In July 2019, Chicago indie-rock trio Horsegirl played the eighth annual Square Roots Festival. At the time, live shows were the only way to hear the group’s taut but disarming dream pop, with its windswept-lakefront sound—and they’d only performed a few of them. They hadn’t released any music, not even to stream, and unsurprisingly they’d received no press coverage at all. On the second day of the fest, Horsegirl took the stage in Maurer Hall as part of an afternoon block showcasing regulars from Old Town School of Folk Music’s monthly teen open mike.
The Square Roots poster didn’t name any of the teenage musicians at Maurer Hall that day, but “Best of Teen Open Mic” might’ve been the most significant event of the festival. Horsegirl have since attracted flocks of dyed-in-the-wool indie-rock fanatics. Sixteen months after Square Roots, in November 2020, Chicago Tribune music critic Britt Julious wrote the first major profile of the band. By the end of that year, they were getting national exposure.
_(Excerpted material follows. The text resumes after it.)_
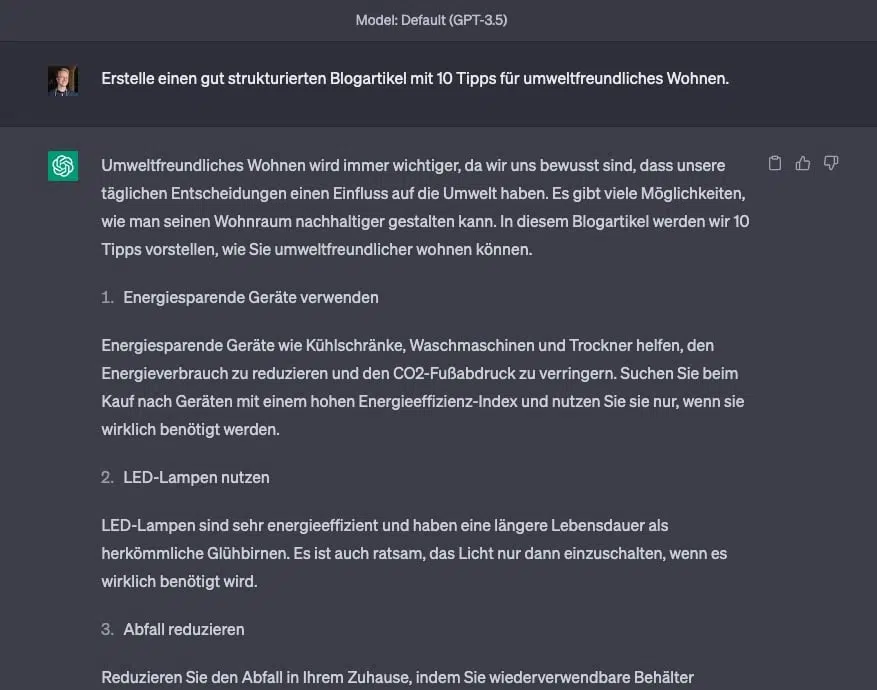 ChatGPT generates blog article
And in April 2021, Horsegirl signed to venerable indie label Matador Records.
Their first full-length album, Versions of Modern Performance, is due out June 3, 2022.
Band members Nora, Penelope, and Gigi all had musical backgrounds years long by the time they started their band together.
All three Horsegirl members, when they were between 12 and 15 years old, got interested in School of Rock.
“It’s kind of how we met so many of our friends in high school,” Gigi says.